Your if blocks are constructed wrongly. In this code, and other places, which commands should be executed when the if test is true ?

  if(HIGH == digitalRead(capteur1))
    for(pos = 0; pos < 45; pos += 1) // goes from 45 degrees to 0 degrees, he turn right
    {                                 
      servo.write(pos);       
      delay(15);                        
    }

An if test should have the commands to be executed in braces like this

if (something == TRUE)
{
   //execute the code here
}

If you leave out the braces as you have then only the next line after the test will be executed because there is nothing to indicate which commands to execute.

UKHeliBob:
If you leave out the braces as you have then only the next line after the test will be executed because there is nothing to indicate which commands to execute.

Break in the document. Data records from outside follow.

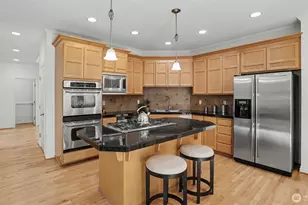 27106 SE 13th St, Sammamish, WA 98075 - Photo 14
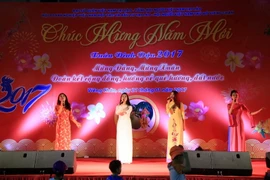 Các ca sỹ đến từ Trường Đại học Văn hóa, Nghệ thuật Quân đội biểu diễn một tiết mục văn nghệ. (Ảnh: Phạm Kiên/Vietnam+)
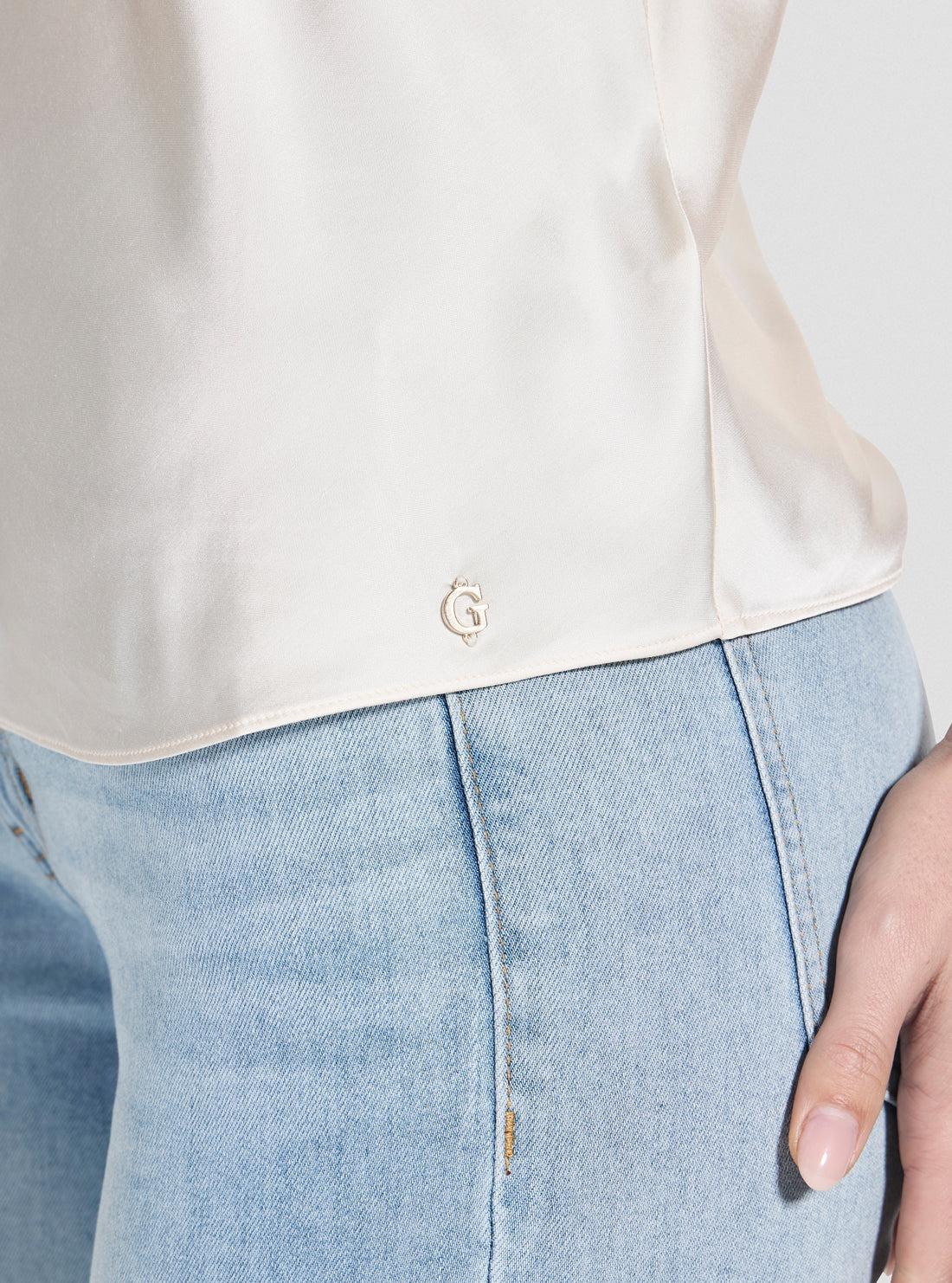 W5YH65WHEZ2/G1F7 GUESS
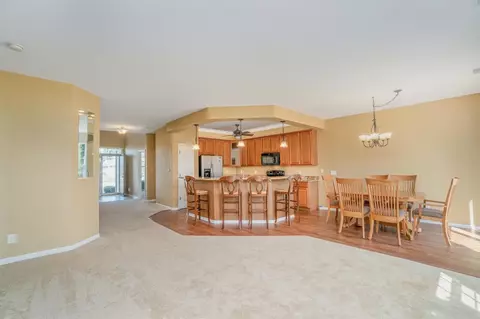 938 Flagstone Dr, Dyer, IN 46311 photo 10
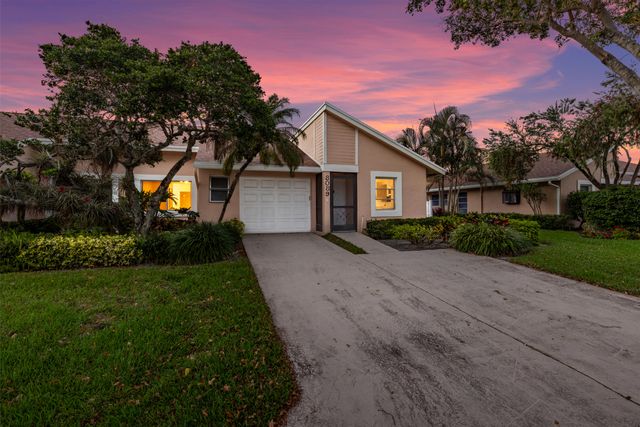 8089 Springtree Road, Boca Raton, FL 33496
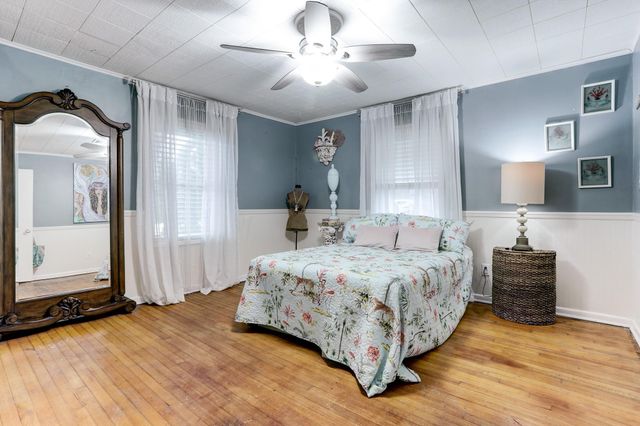 4449 Shady Lake Drive, Seabrook, TX 77586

Strictly speaking it’s the next statement which is executed, and the code looks syntactically correct. However, without braces or consistent indentation to make it clear which statement(s) the coder intended to be associated with each condition, the code is a recipe for disaster. I agree with UKHeliBob that you should always use braces ({ and }) with any conditional statement to make it explicit and unambiguous which code it is intended to control. Also put each { and } on separate lines with matchng pairs indented by the same amount and the code between them indented one extra level. The IDE will apply the indentation for you if you run the Tools / Auto Format command.